Examples of WHO’s support is the strong advocacy role to gain wide support from many areas of the world, as well as their promoting of integrated HIV interventions into maternal, neonatal, child, sexual and reproductive health services. Finally, WHO provides normative guidance, including procedures for the prevention of mother to child transmission of HIV; infant feeding and HIV; and HIV treatment and care for mothers, infants and children.
Though experts report that the spread of AIDS and HIV has seen improvement, Dr. Chan warns that there is still a long way to go before it’s wiped out of existence according to Dr. Chan. “But we must keep our eyes on the reality. Scientific breakthroughs have opened exciting opportunities for prevention as well as treatment. But these opportunities are tempered by the demands of sustainability, in a climate of financial austerity nearly everywhere.”
Conference participants also debated to what extent antiretroviral drugs (ARVs) had become a more prevalent drug in the fight against HIV. The development of new treatment optimizations was also discussed at large within the conference.
As Dr. Ball mentions, this included talks on “drug and drug regimen optimization, improved and simpler HIV diagnostics, and more efficient service delivery. Strategies for price/cost reduction were featured, including opportunities for reducing the prices of ARVs and the costs of different services.”
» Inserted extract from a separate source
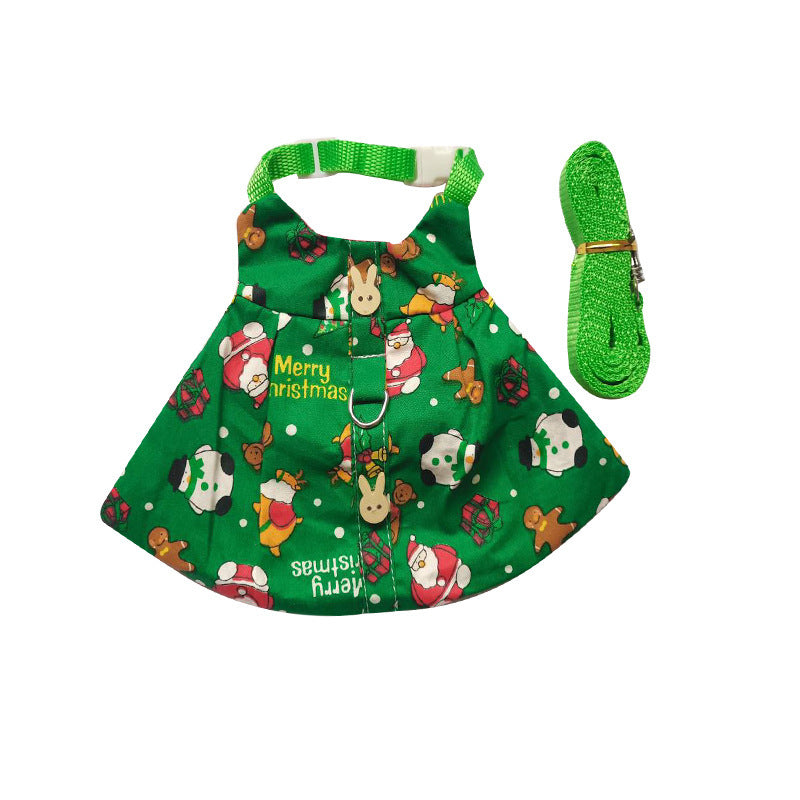 JMT-535498 Lop-Eared Rabbit Costume Collection – Cute Cloth Outfits for Rabbits, Guinea Pigs, and Kittens in Fun Designs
Other results from the conference were the possibility of eliminating mother-to-child transmission of HIV and the treatment of mothers and children living with HIV. In particular, importance was given towards the health of mothers by offering antiretroviral treatment (ART) for all pregnant women living with HIV.
Finally, the conference also looked to the future and at the potential for interventions to eliminate HIV from those who are already infected. The HIV “Cure” movement gained importance with new developments in basic science research. Although the conclusion was that there is still a long way to finding a cure, there is promising research for the future to achieve this goal.